April 15 is right around the corner and divorced or legally separated parents likely have many questions related to child tax-related matters. In our last post we discussed potential tax benefits to which custodial parents may be entitled. In this post, we’ll look at child-related tax benefits for noncustodial parents.
Once parents have established who qualifies as the custodial and noncustodial parent, the custodial parent will need to provide a signed agreement allowing the noncustodial parent to claim the child as a dependent.
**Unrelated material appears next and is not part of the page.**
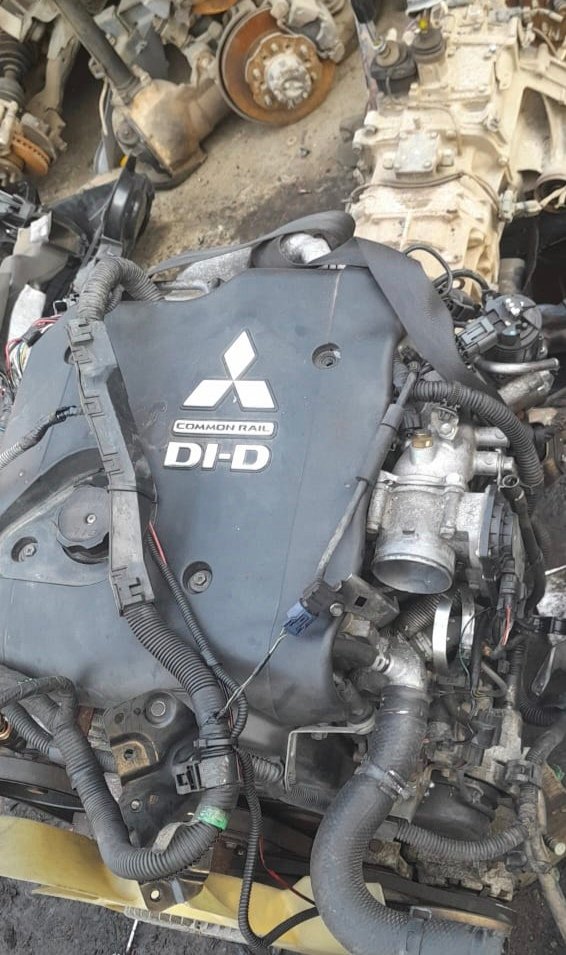 Mistibish L200 ,4056 pick up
Once this written declaration has been provided, a noncustodial parent may be eligible for the following tax benefits:
•· Child tax credit: Possible deduction of up to $1,000 per child
•· Dependency exemption: For 2011 taxes, deduction amount is $3,700 per child
Additionally, if the dependent child is enrolled in a private school or higher education institution, a noncustodial parent may be able to claim the following:
•· Tuition deduction: Based on noncustodial parent’s income, deduction up to $4,000
•· Student loan interest: Based on noncustodial parent’s income, deduction up to $2,500
•· Higher education tax credits: Based on income and dependent on which credit may apply deduction of between $2,000 to $2,500
In addition to the above-referenced deductions, both custodial and noncustodial parents are typically eligible for the following tax breaks:
•· Child’s medical expenses, if paid by parent
•· Healthcare benefits, tax-free and employer-provided
•· Health savings account tax-free distributions used to cover child’s medical expenses
Tax matters can be complex and making one mistake can make a big financial impact. It’s advisable therefore that divorced parents in Tennessee attempting to determine potential child-related tax benefits consult with a divorce attorney who is experienced with tax matters.